I've heard good reviews on both of them, but, quite a few CTR owners tend to use them rainsports and i've heard they have quite alot of road noise and are abit over-rated. A mate of mine has just purchased the px4's for his CTR and cannot fault them in the wet or dry...


----------



## TheQuail (Oct 22, 2007)

NickP said:


> Both the Eagle F1 & Eagle F1 Asymmetric are very highly rated -
> 
> I'd pay the extra and go for those without a doubt.....


Have you used them mate? Just wondering what the wear rate is like on them...

Swaying towards the F1's to be honest, might aswell for £20 more.


Jamie-O said:


> I've heard good reviews on both of them, but, quite a few CTR owners tend to use them rainsports and i've heard they have quite alot of road noise and are abit over-rated. A mate of mine has just purchased the px4's for his CTR and cannot fault them in the wet or dry...


Yeah I've only ever heard good things about all of the tyres. That's why its so hard to decide, just wanted to see if anyone on here could come up with a reason to sway me towards one or the other!


----------



## impster (May 2, 2007)

Not long ago had the same decision. I opted for Uniroyal Rainsport 2 tyres on my A4.

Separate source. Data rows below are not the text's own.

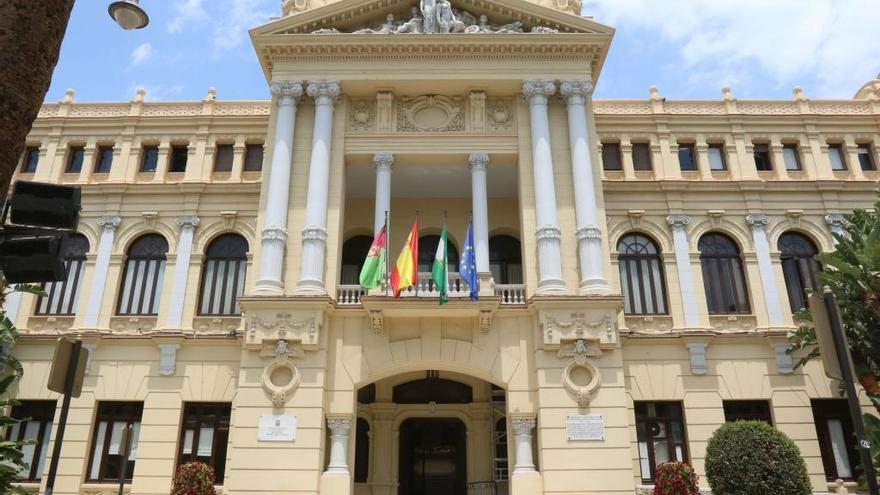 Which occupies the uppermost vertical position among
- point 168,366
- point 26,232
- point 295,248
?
point 295,248

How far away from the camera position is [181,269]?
2414 centimetres

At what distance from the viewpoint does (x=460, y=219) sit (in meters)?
25.3

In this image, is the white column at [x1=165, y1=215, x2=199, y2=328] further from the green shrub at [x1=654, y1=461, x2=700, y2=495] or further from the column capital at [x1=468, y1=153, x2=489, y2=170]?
the green shrub at [x1=654, y1=461, x2=700, y2=495]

Had the front pair for about 1500 miles (getting the back wheels sorted next week).

As expected, this tyre laughs hysterically at puddles' attempts to pull the car off course.

Cornering ability is good - less screeching than the Nexens that were on the car, and rolling noise is much much lower.

As for wear and tear - time will tell.

Impster


----------



## tshirt2k (Aug 10, 2007)

I wanted to know this also. Uniroyals have very good write ups. I have been using toyo's for a while and cant fault them wet or dry. Good grip etc. Can't tell about wear rates as i swap wheels around regularly. I also have some Px4's which i have found to offer less grip than the T1r's but i am trying to compare a car with 240hp going through the front wheels. Even though before the power hike, they still seems lacking. 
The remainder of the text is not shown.